◆ SUPPLIED INFORMATION ◆
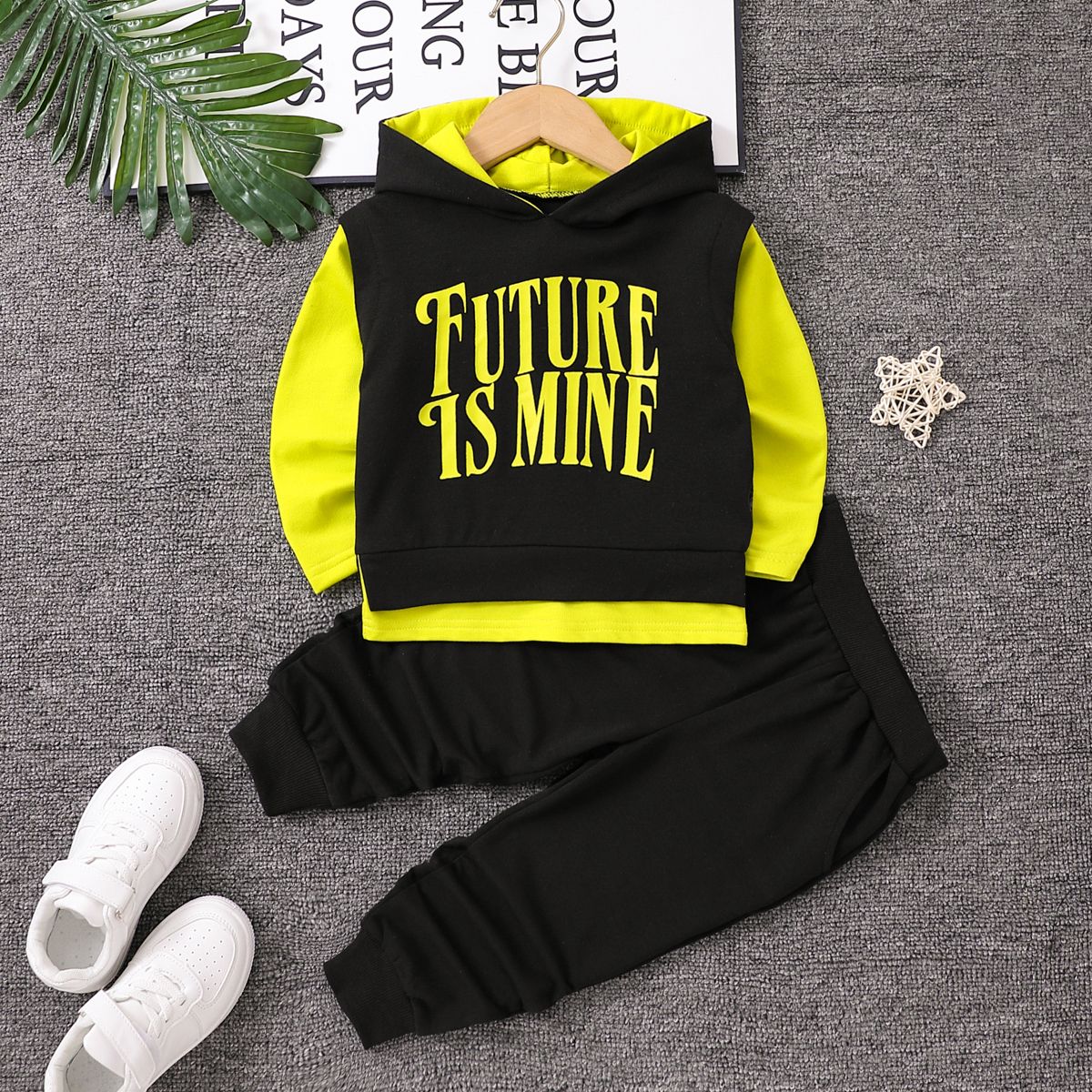 

2pcs Toddler Boy Trendy Faux-two Letter Print Hoodie Sweatshirt and Pants Set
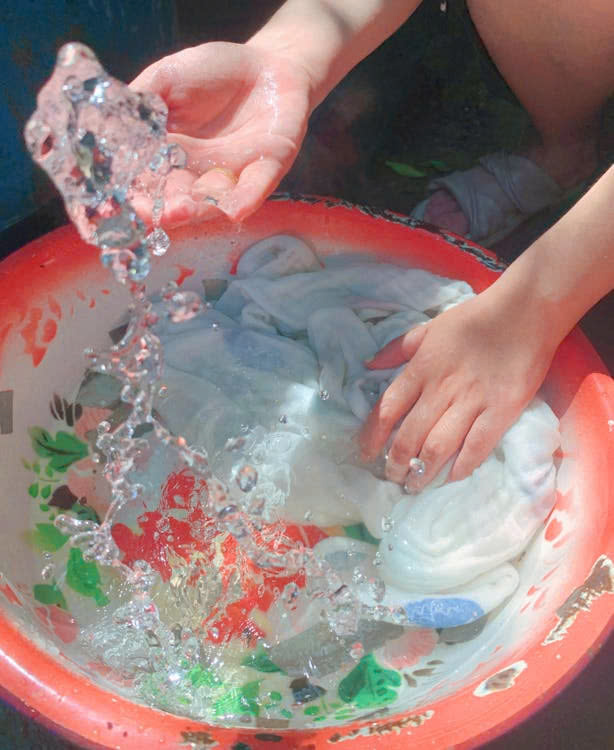Giữ Áo Luôn Thơm Mát, Trắng Sạch: Mẹo Giặt Tẩy Vết Ố Vàng & Khử Mùi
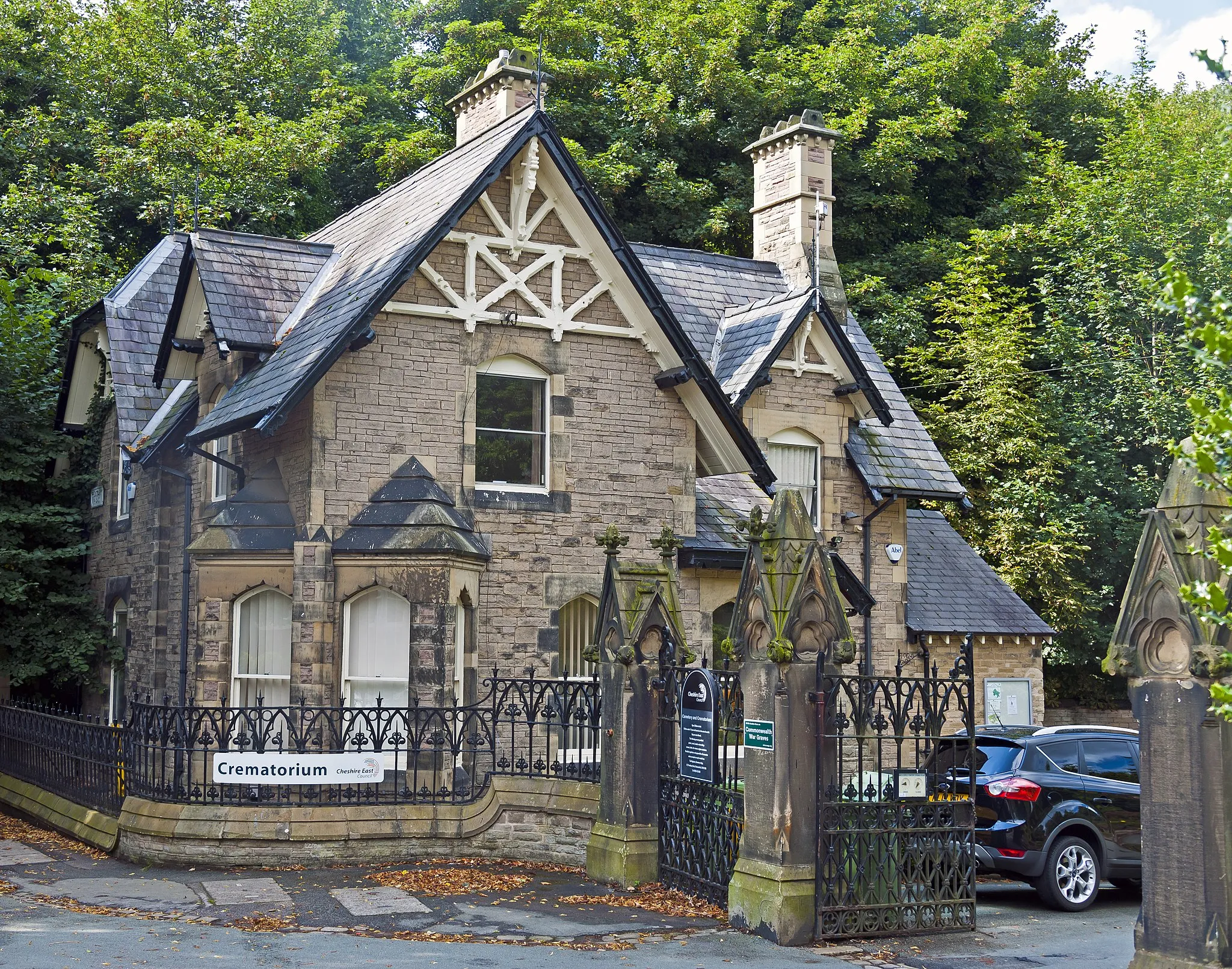 Photo showing: Lodge and cemetery gates at Macclesfield Cemetery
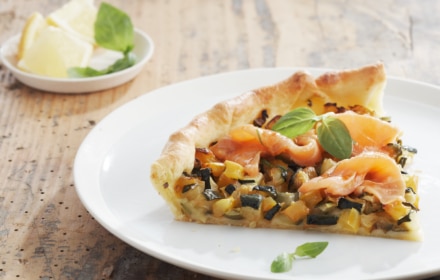 Tarte au saumon mariné et petits légumes poêlés à l'Arome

◆ ACTIVITY ◆
Only the pictures are to be left out; restate everything else in the listing word for word.

◆ RESULT OF THIS TASK ◆
2pcs Toddler Boy Trendy Faux-two Letter Print Hoodie Sweatshirt and Pants Set
Giữ Áo Luôn Thơm Mát, Trắng Sạch: Mẹo Giặt Tẩy Vết Ố Vàng & Khử Mùi
 Photo showing: Lodge and cemetery gates at Macclesfield Cemetery
 Tarte au saumon mariné et petits légumes poêlés à l'Arome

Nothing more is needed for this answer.